Impact of handling cost, total cost, and no. of hubs.

It is advisable that to enjoy economies of scale and promote intraregional trade, ECOWAS invests in rail across its major cities to take advantage of the potential offered by the trade agreement. For an optimal solution, it is advisable that hubs increase their handling capacity and handling time by having employees work overtime during peak hours at the hub.

6. Conclusion

Above all, the introduction of active railways across ECOWAS showed a significant reduction in transportation costs. Moreover, it lowered the overall total price of the network, proving how vital economic link railway transportation is for substantial trade growth in Africa. We reached the following conclusions.

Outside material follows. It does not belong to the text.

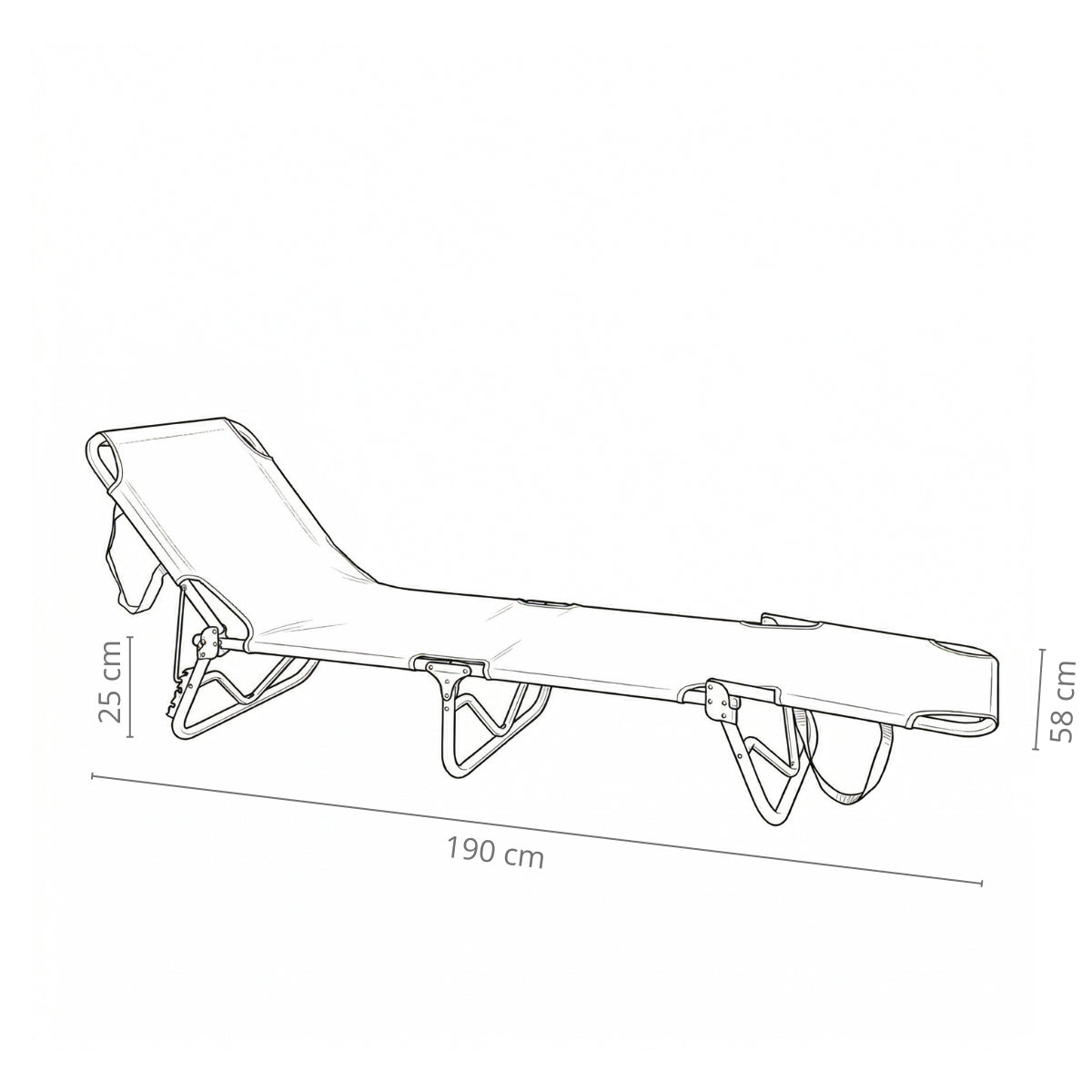 Lettino prendisole da mare pieghevole in alluminio blu 190x58x25 cm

To begin with, the proposed optimal network will also centralize trade across ECOWAS, eliminate the high cost of point-to-point transportation, boost business, and lower the overall trade cost. This will ensure that goods traded within Africa will stand as competitive on the African market against imported goods. In addition, it leads to poverty alleviation by creating much-needed jobs as trade soars and paving the way for wealth creation, as seen in countries such as China, which boosts transportation efficiency as a source of trade growth and poverty reduction.

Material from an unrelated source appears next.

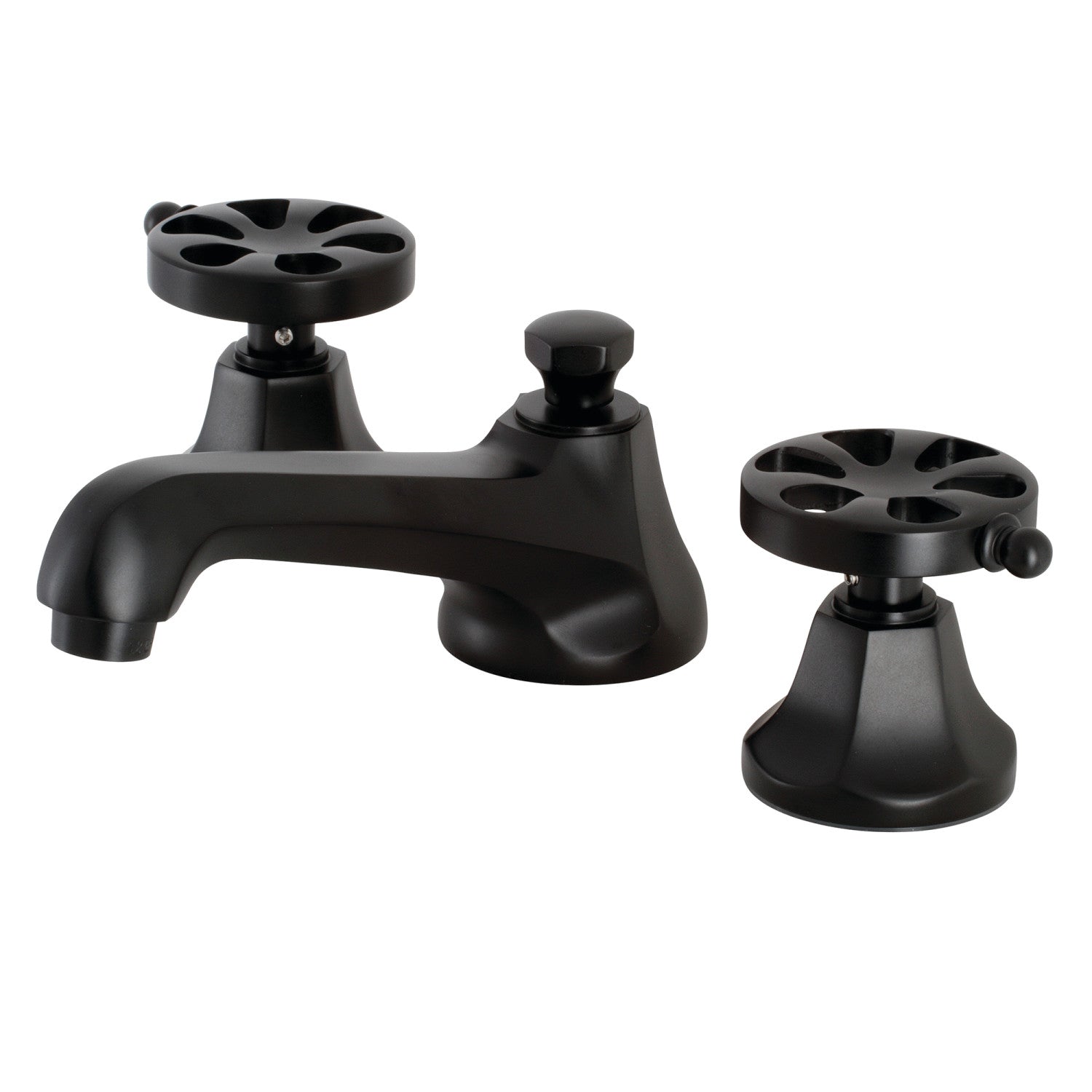 Kingston Brass Belknap - Llave de Lavabo Widespread (3 Orificios), con Dos Manerales — Negro Mate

Secondly, utilizing a distance-based weighted centrality measure as a determinant of candidate hubs also ensured our choice of hubs was void of researcher bias and contributed to research in Africa. Unfortunately, to the best of our knowledge, no research across ECOWAS has yet utilized distance-based centrality measures to propose a hub location model or examine the intermodal transportation network within ECOWAS.

Finally, an optimal number of hubs were located and proposed; for the waterway, two optimal hubs were situated in Accra and Lagos. Based on the proposed structure, the model was identified for railway in Thies, Ibadan, Conakry, and Monrovia as optimal hubs and road network optimal hub locations in Ibadan and Thies. The sensitivity analysis conducted showed that the handling cost, hub set-up cost, and value of time affect the optimal location and the number of hubs set. These results provide management recommendations such as improving the overall security of certain cities to reduce overall cost and improving the operations of these hubs by adopting technological advancements to streamline operations.

This research has certain limitations: First, its implementation requires a substantial financial investment from all parties to roll out a successful railway system across ECOWAS to enjoy its results. Also, certain cities were excluded due to a lack of data and additional inputs to support their inclusion. Including these cities would affect the outcome and might lead to a broader selection of hubs. Finally, due to time restrictions and access to efficient and effective data, this research could not look at transportation across Africa. As such, it is recommended for future studies to include intermodal transportation modes across Africa [10, 22, 24, 61].

Data Availability

The data that support the findings of this study are openly available in data.4tu.nl at https://doi.org/10.4121/16790221.

Conflicts of Interest

The authors declare that they have no potential conflicts of interest.

Authors’ Contributions

Jihui Shi and Kesewa Opoku Agyemang contributed equally to this study.

Acknowledgments

Authors gratefully acknowledge the financial support of the National Social Science Fund of China (22BJY186).